*** Begin section ***

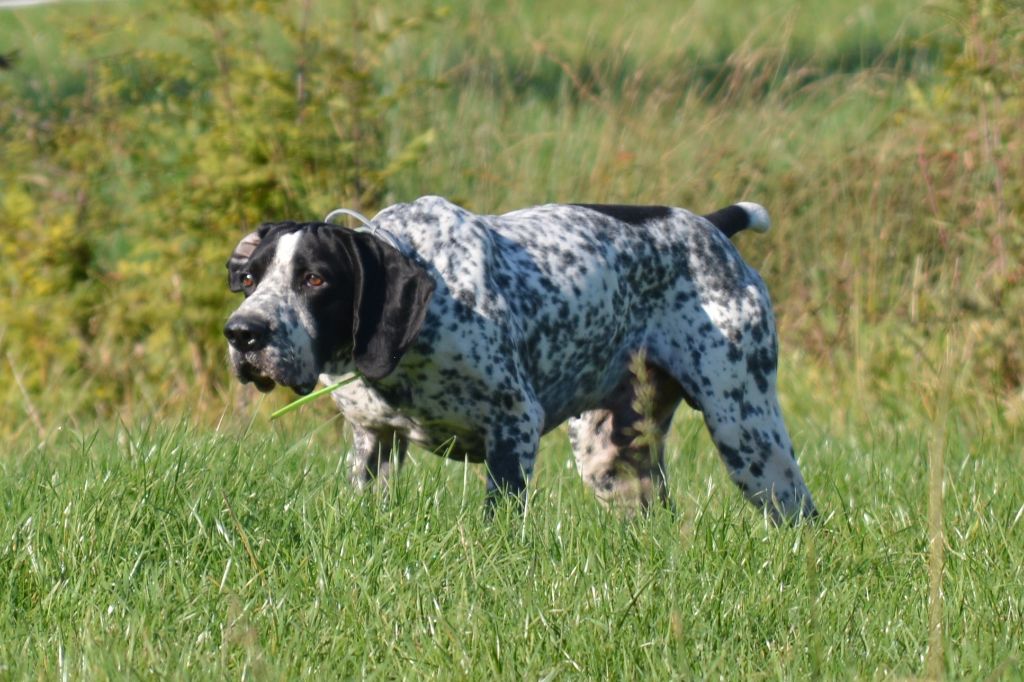 Pako des Rives de Doucelle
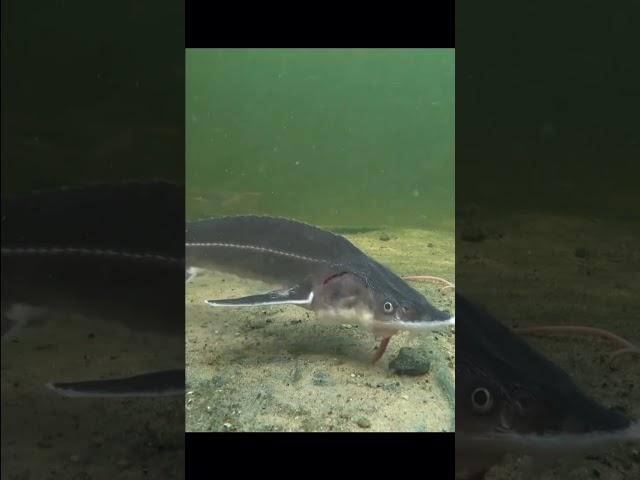 beluga sturgeon  #reels #fishing #reel #fish #shortvideo KANAL PECANJE RIBOLOV #shortsfeed #shorts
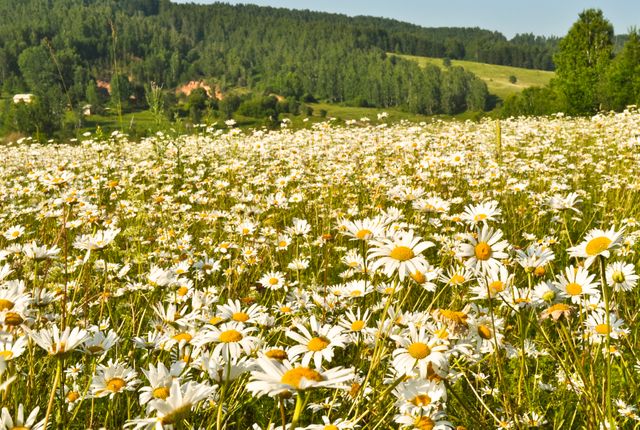 Blooming Daisy Field in Rural Landscape Under Sunny Sky - Download Free Stock Photos Pikwizard.com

*** End section ***

An exact transcription is requested of each line from the one that holds "RIBOLOV #shortsfeed #shorts" to the end of the listing above, both boundary lines included; pictures are to be omitted.

● Solution to this task:
 beluga sturgeon  #reels #fishing #reel #fish #shortvideo KANAL PECANJE RIBOLOV #shortsfeed #shorts
 Blooming Daisy Field in Rural Landscape Under Sunny Sky - Download Free Stock Photos Pikwizard.com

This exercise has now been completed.